I am using gas, but will go electric if that is less complicated and quieter. Here is my unloader









Any help with plumbing would be appreciated.


----------



## Basementgeek (Feb 7, 2005)

*Re: Kellogg A330 Two Stage Air Compressor*

I wish I knew anything really about a gas engine powered air compressor on how they work, but don't.

Maybe check them out to make sure that the valves do move freely, maybe use WD 40 to loosen them up. On electric ones I think all they use is a combination check valve/head unloader in the tank from the compressor. The unloader on electric compressor is a lot smaller than 1/8 inch pipe.

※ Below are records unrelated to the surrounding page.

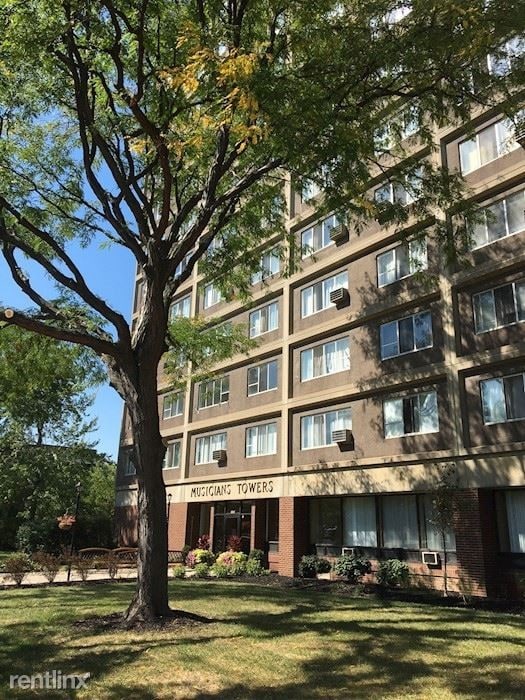 Building Photo - 2727 Lancashire Rd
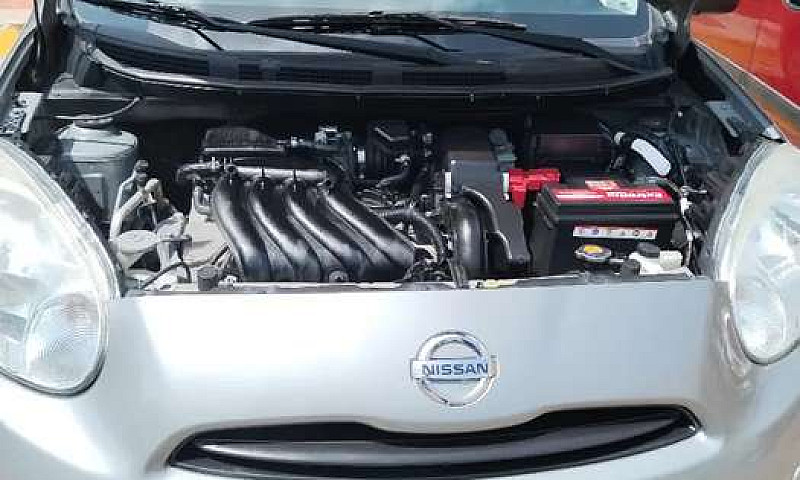 Vendo Nissan March 2...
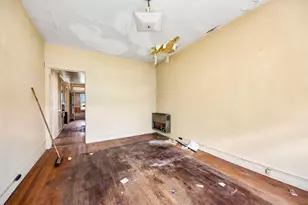 2934 N Gresham Ave, Chicago, IL 60618 - Photo 7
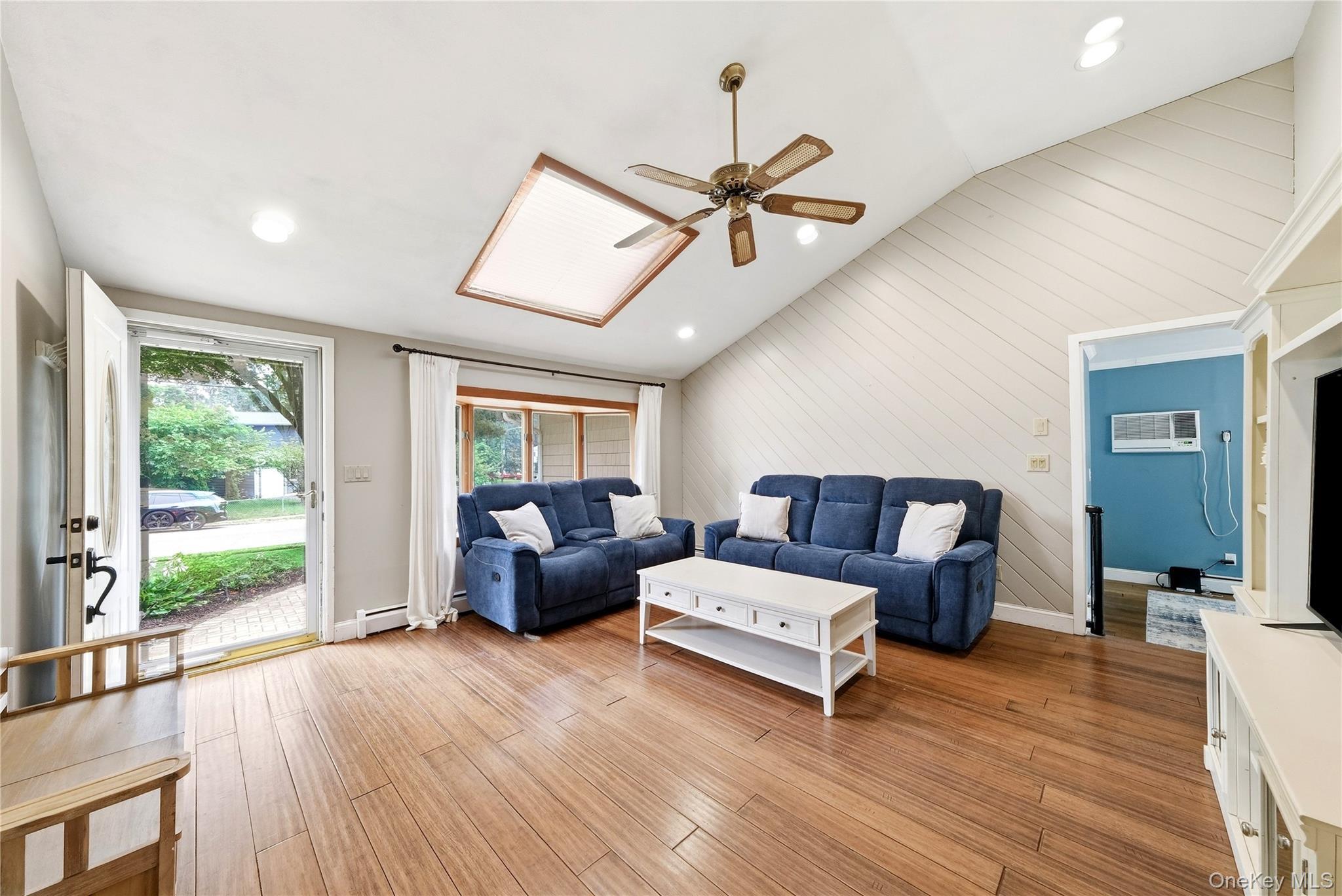 Single Family Argyle Avenue Suffolk County, NY 11784, MLS-1028343-4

Yes making it electric powered would be much quieter, but a big electric motor required a lot volts/amps to run. They also have a pressure switch to kill the motor when the tank reaches a certain pressure. I think most gas powered ones are only used outside and when no electric is available. Gas is never to be used inside.

All I can suggest is clean up the valves the best you can.

BG


----------



## chewbacca5000 (May 15, 2013)

*Re: Kellogg A330 Two Stage Air Compressor*

Ok here is the latest update my friend sold me an 11 HP Honda engine and I did a few test after installing a check valve on the tank and initial test were looking very good. Everything pumped up right up to 200 PSI so the pump and tank are good.

My latest challenge is belt tension and alignment I keep having problems with the belt coming loose, but I only have one belt out of three that were originally on the flywheel of the Kellogg pump. The 11HP honda only has 1.

I don't have a decent mounting either and when the 11HP Honda is under load it vibrates pretty bad. Just using perforated angle which is sorta flimsy.

Any suggestions to get an affordable mounting system would be appreciated.

With electrics you can get a nice mount plate like this one


----------



## Basementgeek (Feb 7, 2005)

*Re: Kellogg A330 Two Stage Air Compressor*

Some thing like that would work IF you can find one that will work with your engine.

BG


----------



## chewbacca5000 (May 15, 2013)

*Re: Kellogg A330 Two Stage Air Compressor*

Ok finally got everything sorted out with the exception of changing the drain location.

I am powering the Kellogg A330 with a 5HP 1740 Leeson single phase motor with a 5.15" pulley. The compressor has a 18" pulley. Originally I had a 6" on the motor and was pulling 29 amps! Way too much. Changing the pulleys slow the compressor from 580 RPM to 507 RPM. This change reduced the amps to 22. Going to synthetic oil reduced the load another full 2 amps.

So now with the 5" pulley and the synthetic compressor oil from Lowes I am at 20 amps and making air! Wanted to update this in case anyone else in the world is trying to revive one of the awesome machines. Made in USA. Nearly 67 years old and still makes air!


----------